Craddock stood looking up at it for several minutes, watching the west windows turn ruby in the sun and as he stared, eyes half closed against the sun, the silent building began to stir with life, so that he saw it as an ageing and once beautiful woman, awaiting the return of sons who had marched away centuries since and been swallowed up in a forgotten war. There was patience here, patience and a kind of desperate dignity, as though all hope of their return had never been abandoned, and that one day all the windows would glow with candles. Craddock tried to relate this dignity and repose with the little that Rudd had told him of the family who had lived here for a century or more but he found this very difficult, for somehow the house did not strike him as morose, merely forsaken and resigned. Yet about the middle section of it, the oldest, Elizabethan block, vitality lingered, the older tenants still seeming to exert more influence than the Lovells and this conviction was so real that Craddock would not have been surprised if, as he watched, lights had flickered in that part of the house leaving each wing dark and lifeless.
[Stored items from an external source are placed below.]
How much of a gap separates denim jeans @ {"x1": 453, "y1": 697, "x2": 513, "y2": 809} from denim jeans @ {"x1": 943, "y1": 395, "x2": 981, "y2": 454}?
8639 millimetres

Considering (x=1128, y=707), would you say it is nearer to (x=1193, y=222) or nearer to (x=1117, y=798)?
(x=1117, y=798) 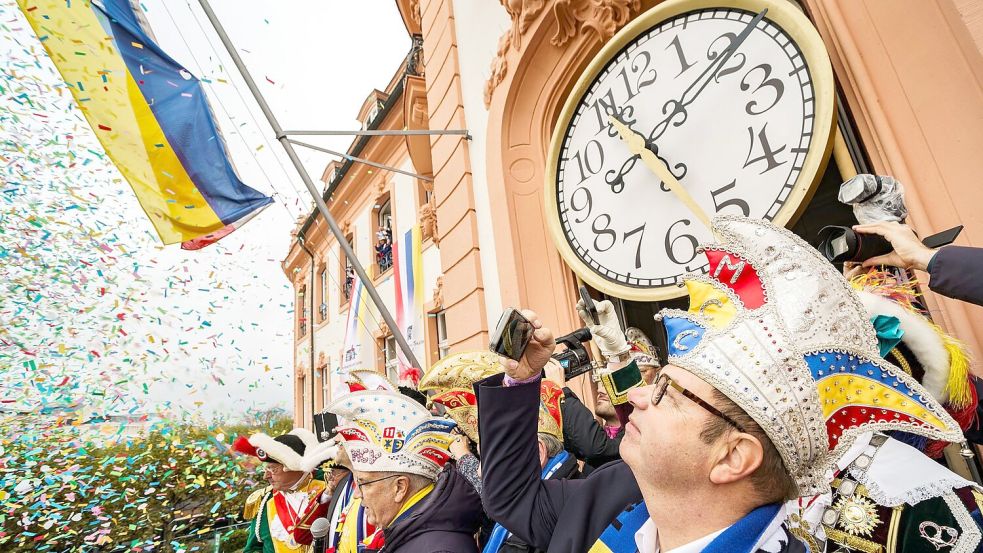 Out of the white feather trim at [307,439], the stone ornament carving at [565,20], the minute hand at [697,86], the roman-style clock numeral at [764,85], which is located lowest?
the white feather trim at [307,439]

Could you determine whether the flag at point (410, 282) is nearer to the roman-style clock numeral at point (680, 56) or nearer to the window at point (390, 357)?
the window at point (390, 357)

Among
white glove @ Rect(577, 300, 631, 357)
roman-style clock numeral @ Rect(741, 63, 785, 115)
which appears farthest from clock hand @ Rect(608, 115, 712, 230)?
white glove @ Rect(577, 300, 631, 357)

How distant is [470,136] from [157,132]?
8.78 feet

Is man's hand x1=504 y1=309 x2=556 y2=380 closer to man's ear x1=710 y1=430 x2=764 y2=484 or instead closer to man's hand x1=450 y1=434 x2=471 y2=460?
man's ear x1=710 y1=430 x2=764 y2=484

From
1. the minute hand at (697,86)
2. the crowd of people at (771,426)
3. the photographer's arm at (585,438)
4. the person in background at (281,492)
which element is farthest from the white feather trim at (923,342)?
the person in background at (281,492)

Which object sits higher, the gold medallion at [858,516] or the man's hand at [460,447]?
the man's hand at [460,447]

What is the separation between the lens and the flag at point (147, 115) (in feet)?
12.6

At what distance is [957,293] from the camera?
1.07 meters

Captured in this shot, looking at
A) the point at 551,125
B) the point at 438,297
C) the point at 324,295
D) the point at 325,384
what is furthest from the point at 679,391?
the point at 325,384

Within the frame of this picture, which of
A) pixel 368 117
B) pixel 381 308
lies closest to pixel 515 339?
pixel 381 308

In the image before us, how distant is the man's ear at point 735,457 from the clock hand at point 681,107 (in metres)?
1.62

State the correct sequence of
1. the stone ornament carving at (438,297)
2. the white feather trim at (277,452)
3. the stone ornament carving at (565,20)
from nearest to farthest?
1. the stone ornament carving at (565,20)
2. the white feather trim at (277,452)
3. the stone ornament carving at (438,297)

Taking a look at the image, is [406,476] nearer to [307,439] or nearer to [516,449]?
[516,449]

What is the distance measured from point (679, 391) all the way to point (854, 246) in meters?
0.69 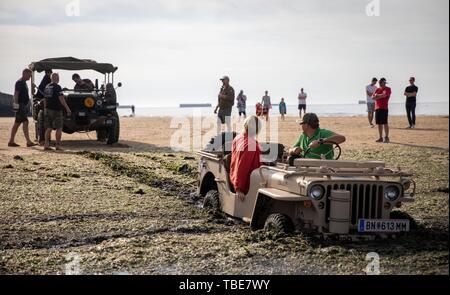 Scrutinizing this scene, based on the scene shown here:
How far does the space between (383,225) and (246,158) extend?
1963 millimetres

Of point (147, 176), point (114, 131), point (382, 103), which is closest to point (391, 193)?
point (147, 176)

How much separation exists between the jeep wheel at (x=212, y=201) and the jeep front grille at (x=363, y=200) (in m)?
2.67

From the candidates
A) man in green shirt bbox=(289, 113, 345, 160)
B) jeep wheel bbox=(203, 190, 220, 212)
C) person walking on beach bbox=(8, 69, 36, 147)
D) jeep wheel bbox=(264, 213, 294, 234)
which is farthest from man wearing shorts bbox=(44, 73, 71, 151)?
jeep wheel bbox=(264, 213, 294, 234)

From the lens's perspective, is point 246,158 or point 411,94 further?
point 411,94

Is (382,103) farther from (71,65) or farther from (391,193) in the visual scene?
(391,193)

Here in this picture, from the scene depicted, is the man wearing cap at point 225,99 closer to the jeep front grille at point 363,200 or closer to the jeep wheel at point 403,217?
the jeep wheel at point 403,217

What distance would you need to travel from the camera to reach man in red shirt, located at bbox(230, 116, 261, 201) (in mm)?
8414

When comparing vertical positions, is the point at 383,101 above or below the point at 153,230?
above

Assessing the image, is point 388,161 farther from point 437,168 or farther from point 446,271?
point 446,271

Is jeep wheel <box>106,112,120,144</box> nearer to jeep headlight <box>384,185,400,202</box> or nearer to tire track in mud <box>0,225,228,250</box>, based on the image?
tire track in mud <box>0,225,228,250</box>

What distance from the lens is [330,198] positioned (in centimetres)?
703

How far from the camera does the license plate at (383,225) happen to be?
7068 mm

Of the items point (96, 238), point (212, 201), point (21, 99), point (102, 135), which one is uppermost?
Result: point (21, 99) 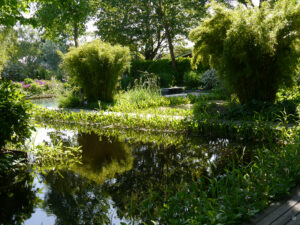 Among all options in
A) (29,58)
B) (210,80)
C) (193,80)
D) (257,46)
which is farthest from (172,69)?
(29,58)

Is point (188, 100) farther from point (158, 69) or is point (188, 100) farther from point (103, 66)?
point (158, 69)

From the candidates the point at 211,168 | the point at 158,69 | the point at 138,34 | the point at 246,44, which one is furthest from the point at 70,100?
the point at 138,34

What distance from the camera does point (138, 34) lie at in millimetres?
23312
He climbed the stone steps and wrestled with the giant key, the lock turning more easily than he had anticipated, and the great door swung back with a sound like an old man’s cough. He left the door open, for it was dim in the slate-slabbed hall and here he saw that the early-Victorian architect’s work on the interior had been more bold than outside, for beyond the great empty fireplace a stair ran up in a well-contrived curve and each step was so broad and shallow that it promised an easy ascent to those short of wind. There was not much furniture in the hall and what there was was shrouded in green dust-sheets. Some of the portraits had lot numbers attached to them and Craddock, recalling the hard faces of Sir George and younger son, guessed they were portraits of Lovells from 1806 onwards; they had the same bleakness of eye and stiff formality of dress that he had noted in the photographs in the magazine.